Y a-t-il encore un peuple français ?

Y a-t-il encore un peuple français ?

Les Suisses viennent de rejeter massivement, à 77%, la proposition d’un revenu universel appelé Revenu de Base Inconditionnel, qui aurait permis à tout citoyen helvétique et à tout étranger résidant en Suisse depuis cinq ans de percevoir 2500 Francs suisses (2250 euros), les mineurs se contentant de 650 FS. Deux remarques s’imposent : d’abord, une fois encore, il faut saluer la démocratie suisse et ses votations organisées obligatoirement lorsque le nombre des signatures dépasse la barre fixée soit pour refuser une loi votée par le Parlement, soit pour soutenir une initiative populaire fédérale, c’est à dire une nouvelle loi proposée par des citoyens. Ici, l’initiative venait d’un collectif qui se disait apolitique, mais qui avait le soutien des Verts. En second lieu, la large majorité dégagée prouve que malgré les différences marquées entre les Suisses sur les plans linguistique ou confessionnel et le caractère confédéral du pays, il y a un peuple suisse, puisque la totalité des cantons a voté non. Les Suisses sont fiers de leur identité qui repose sur la religion du travail, et du travail bien fait. C’est ce qui leur assure des performances économiques et un niveau de vie exceptionnels pour un pays dépourvu de richesses naturelles : l’opposé absolu du Venezuela socialiste où l’argent du pétrole a finalement ruiné le pays en détruisant la production locale au profit des importations. Les Suisses sont un peuple adulte qui a l’habitude d’être consulté et qui, le plus souvent, répond avec bon sens aux questions qui lui sont posées, lesquelles ne remettent nullement en cause le gouvernement, et sont débattues avec le temps et les informations nécessaires. Rien à voir avec les référendums français où les questions reviennent à plébisciter ou à rejeter le pouvoir en place. C’est la raison pour laquelle les gouvernements les craignent et n’hésitent pas à les contourner. En revanche, les citoyens suisses lorsqu’ils votent contre le RBI, l’augmentation des impôts des riches, ou l’allongement des congés légaux expriment une conception politique intéressante : ils choisissent l’intérêt global du pays, sa compétitivité, son attractivité, d’abord parce qu’ils sont capables de comprendre que tous les Suisses en bénéficieront, alors que les avantages immédiats obtenus par certains  pourraient induire un appauvrissement général. Ensuite, cela signifie  implicitement que chacun est responsable de sa vie. C’est l’effort de chacun qui contribue à la prospérité de tous.

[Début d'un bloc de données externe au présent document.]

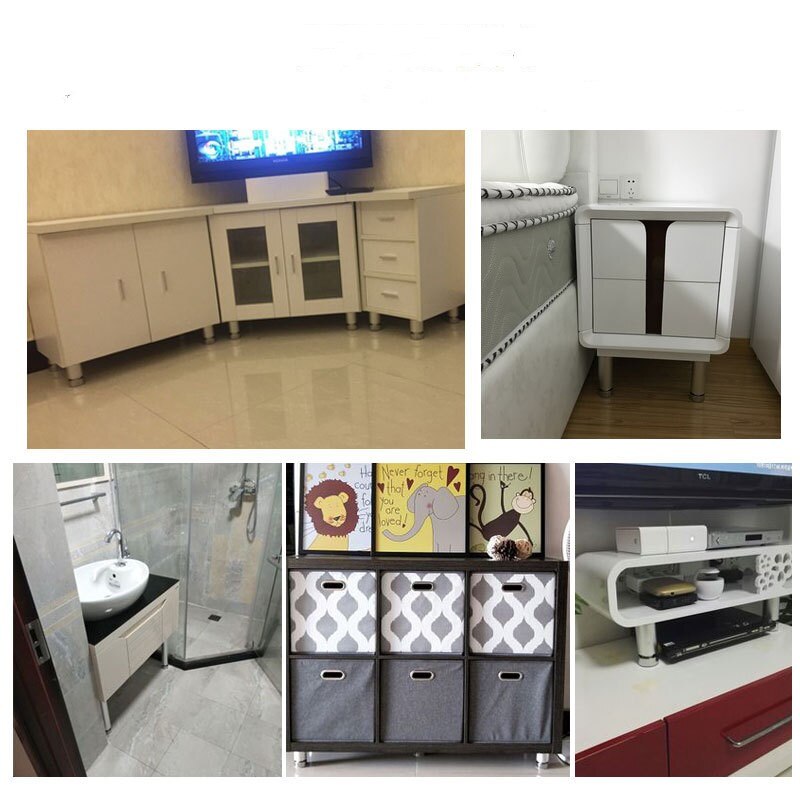 Round cupboard foot aluminum alloy kitchen cabinet furniture foot TV cabinet leg table foot high foot adjustable sofa foot pad s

La comparaison avec la France est humiliante. En premier lieu, notre pays n’est pas une démocratie, mais une oligarchie qui méprise un peuple qu’elle juge ignorant, et qui le craint. On lui demande uniquement de choisir entre les professionnels politiques de gauche qui précipitent le pays régulièrement dans le marasme par démagogie et incompétence, et ceux de la prétendue « droite » qui réduisent la politique à une robinetterie économique et font preuve d’une lâcheté constante dès qu’ils reviennent au pouvoir. En second lieu, ce grand peuple chargé d’histoire, qui de Bouvines à Verdun, en passant par Denain et Valmy avait inventé la Nation, c’est-à-dire un peuple conscient d’un grand destin, n’existe plus. Pour qu’il y ait une démocratie, comme l’indique l’étymologie du mot, il faut qu’il y ait un peuple. Or deux constats et une question s’imposent : d’abord, les Français ont une attitude exactement opposée à celle des Suisses. En France, c’est chacun pour soi, et l’Etat pour tous. L’idée d’un revenu universel de base aurait l’aval de 51% (Sondage BVA) des Français. La solidarité dont on pourrait bénéficier sans effort personnel  séduit chez nous évidement plus à gauche ( 74% pour) qu’à droite (59 % contre), ce qui prouve que contrairement à ce que pensent les benêts, ces notions de droite et de gauche désignent une réalité. La situation actuelle renforce cet état d’esprit national. Les appels à la solidarité face aux inondations sont considérés par les opposants à la loi El Khomry comme un moyen hypocrite de faire cesser des conflits.  Revendications catégorielles, et crainte de perdre des avantages voire des privilèges, passent avant tout. La méfiance envers le pouvoir, envers l’entreprise, l’obsession des droits acquis, même lorsqu’ils nuisent au bien commun de la Nation prédominent dans notre pays.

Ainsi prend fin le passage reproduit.